Kanishka – Indian fine dining off Regent Street

Star Travel Rating

4/5

Review type

Things to do

Location

Date of travel

March, 2022

Product name

Product country

Product city

Travelled with

Couple

Reasons for trip

Other

We lunch with old friends every few months, aiming for a restaurant that’s either a treat or a bit quirky. I’ve followed the Michelin Star chef, Atul Kochhar from when I visited his Indian restaurant, Benares, as part of a prize-winning tour of Mayfair eateries with Fay Maschler, then food critic of the London Evening Standard. I then cooked for Atul on a TV cookery programme called ‘Yes Chef’ when unfortunately I was eliminated in the first round as my Thai curry wasn’t hot enough for him.

Although he’s recently opened a couple of new restaurants, Hot Dinners were offering 50% off the a la carte menu at Kanishka, just off Regent Street and our table was booked.

As with offers of this sort, the sting in the tail is usually the price of the wine and so we sensibly decided to meet beforehand for an aperitif in a nearby Slug and Lettuce.

Having requested a table in a quiet area, we were seated in one of the window tables next to the wall, which made it easy to hear each other, as there was a significant amount of catching up to be done.

The seven starters ranged from £16 to £24. I fancied the sound of Atul’s chicken tikka pie, and on chatting to the waiter about whether it would be too much, he helpfully suggested it was big enough for two to share. It was absolutely delicious with light puff pastry and a spicy berry compote drizzled around the edge. Other dishes chosen were soft shell crab and scallops.

Main courses were in what I would normally consider the astronomical price range, with most between £30 and £40. We each chose a different dish; butter chicken, lamb biriyani, and two dishes simply called goat and lamb, and dipped into each of them. In addition, we opted for a black daal and a bread basket. The flavours were superb and the portion sizes so substantial, that puddings were not even thought about.

And now to the wine. A bottle of Spanish Altozano Verdejo Sauvignon Blanc, sold in Waitrose for £7.50 was marked up to £31, but as our wine in the Slug was £26, it didn’t seem outrageously priced.
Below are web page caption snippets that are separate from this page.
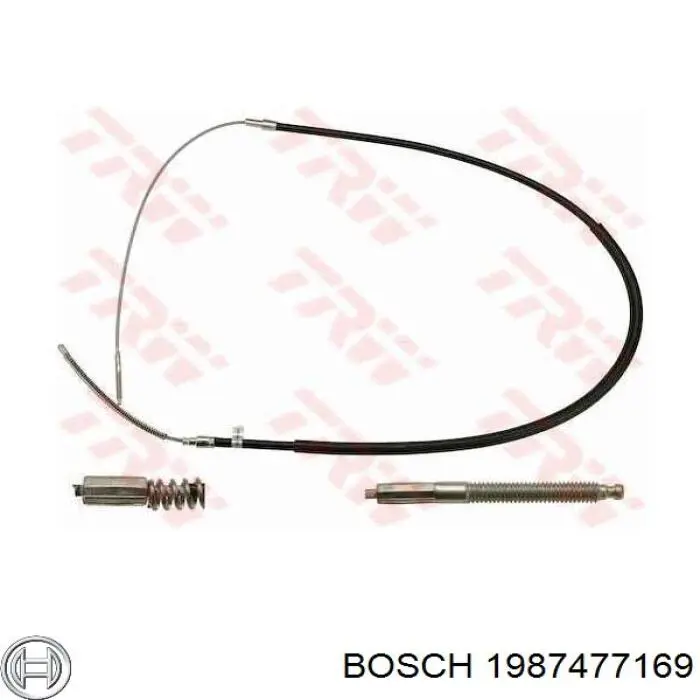 1987477169 Bosch трос ручного гальма задній, правий/лівий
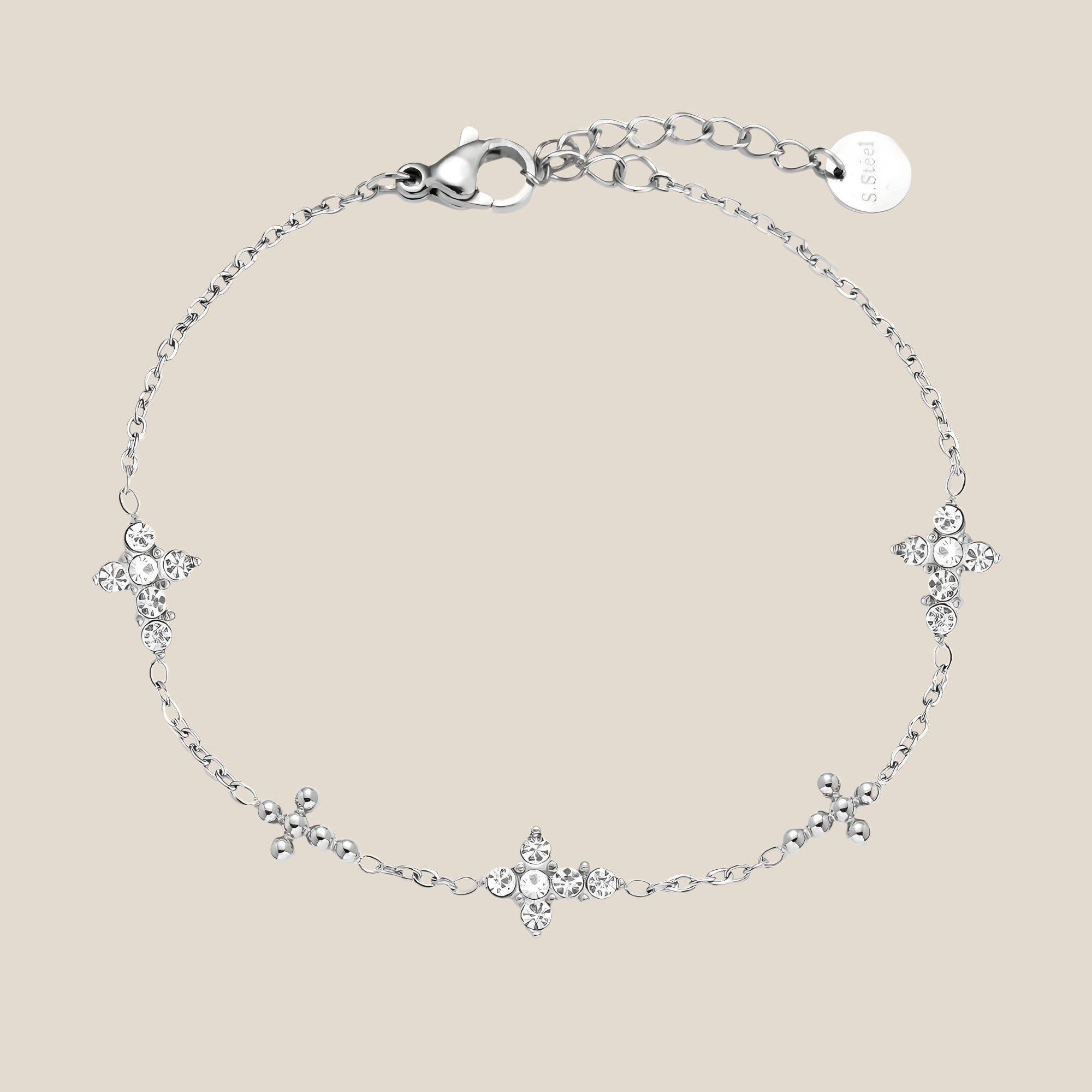 Diamond Dots Cross Armband
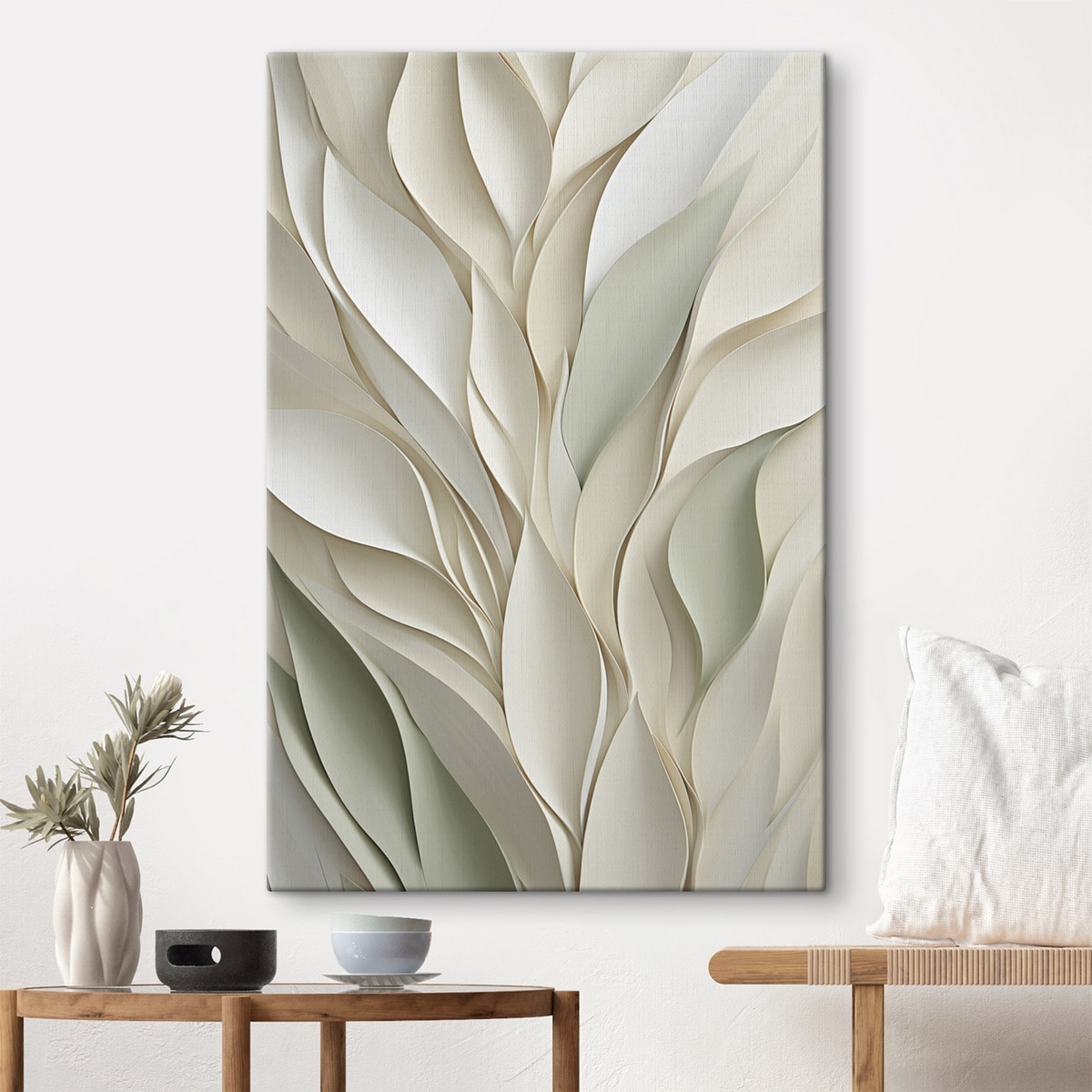Bladeren in lichtgroene lagen — interieur 2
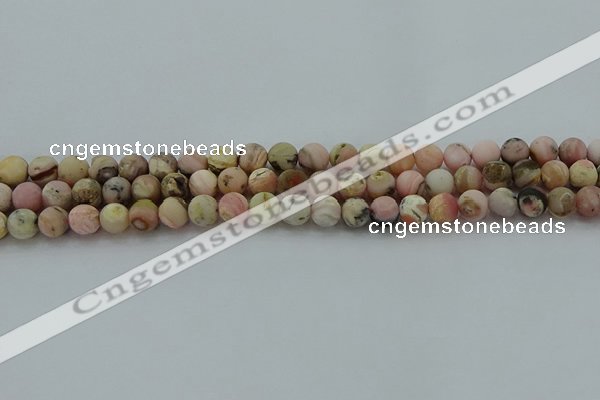 COP1331 15.5 inches 6mm round matte natural pink opal gemstone beads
The service from two chaps in rather ill-fitting suits, was professional and unobtrusive and it was good to see that when the day of reckoning came, the 12.5% service charge had been applied to the discounted price. As a result, the bill came to £47.50 each which we felt was good value bearing in mind the location, cache of the chef and quality of the food. However, without the discount, I may have thought differently.